Não há uma via fiscal para o socialismo, era bom que houvesse mas não há, e no dia em que a política fiscal estiver condicionada a uma luta de classes, podem fechar as portas da Autoridade Tributária e Aduaneira. Isto não quer dizer que não se possa promover a equidade fiscal através da criação de impostos ou da manipulação das suas taxas, como diria o SEAF uma das funções da fiscalidade é a redistribuição do rendimento, mas isso não significa que para o fisco há bons e há maus. Se o caminho for esse não tarda muito a que um poobre que seja chamado a um serviço de finanças desate a gritar que o chefe do serviço é um perigoso contra.-revolucionário e que se vai queixar dele à Mariana Mortágua.
Não se cobram impostos aos mais ricos para aumentar as pensões mais baixas, se a lógica da política fiscal for essa passamos a aumentar os impostos sobre uns para dar a outros, como se os sistema fiscal fosse uma espécie de Robin dos Bosques. Dizer que se cria um imposto para aumentar as pensões dos mais pobres pode ser música para os ouvidos dos que recebem essas pensões, mas além de ser uma abordagem que viola o princípio da não consignação das receitas é uma imbecilidade.

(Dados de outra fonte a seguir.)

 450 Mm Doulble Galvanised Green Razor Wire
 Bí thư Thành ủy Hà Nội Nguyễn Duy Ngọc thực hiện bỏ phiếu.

Isto é uma desvalorização fiscal ao contrário, Vítor Gaspar desvalorizou por via fiscal nos trabalhadores para dar aos patrões, agora desvaloriza-se os ricos para revalorizar os pobres. O ministro de Passos Coelho tentou aumentar a TSU dos trabalhadores para a entregar aos patrões, como não o conseguiu promoveu a desvalorização fiscal do trabalho aumentando o IRS com a sobretaxa para entregar a receita adicional aos patrões sob a forma de reduções no IRC. Agora Catarina Martins quer que se desvalorize a riqueza dos mais ricos para entregar a receita a uns quantos mais pobres, aqueles que por não terem feito descontos têm direito a uma reforma mínima. Nada mais simples.
O problema do discurso do BE é que considera que os ricos são uns malandros e como tal devem ser tratados pela máquina fiscal, enquanto os pobres são as novas virgens do fisco. Daqui para a frente o combate à evasão fiscal é um instrumento da luta de classes, que deve estar ao serviço dos mais pobres, porque os ricos não pagam impostos, a acção do fisco deve obedecer aos desafios da Mariana Mortágua. Segundo esta lógica vamos ter um fisco chavista onde os dirigentes devem esquecer os pobres que não paguem os seus impostos, para se concentrarem nos ricos, porque segundo esta lógica a evasão fiscal por parte dos pobres gera justiça social e equidade, quanto maior for a evasão fiscal por parte dos pobres mais o fisco terá de ir buscar aos ricos.
Acontece que os pobres também são campeões na fuga ao fisco e muitos trabalhadores pobres andam de braço dado com os patrões na fuga ao fisco. Em Portugal há muitos milhares de trabalhadores nos mais variados sectores e, em particular, na construção e na hotelaria que para ganharem mais dividem com os patrões os benefícios do trabalho "pago por fora". Uma boa parte dos trabalhadores destes sectores recebe uma parte do ordenado e as horas extraordinárias "fora da folha" e muitos deles nem sequer são declarados, falseando as estatísticas do desemprego e, não raras vezes, recebendo o subsidio de desemprego.
O cumprimento das obrigações fiscais é um dever de cidadania e quando considerarmos que o incumprimento deve ser avaliado de forma diferente em função do estatuto social estamos destruindo todos os princípios da fiscalidade e recuando muitos anos no tempo.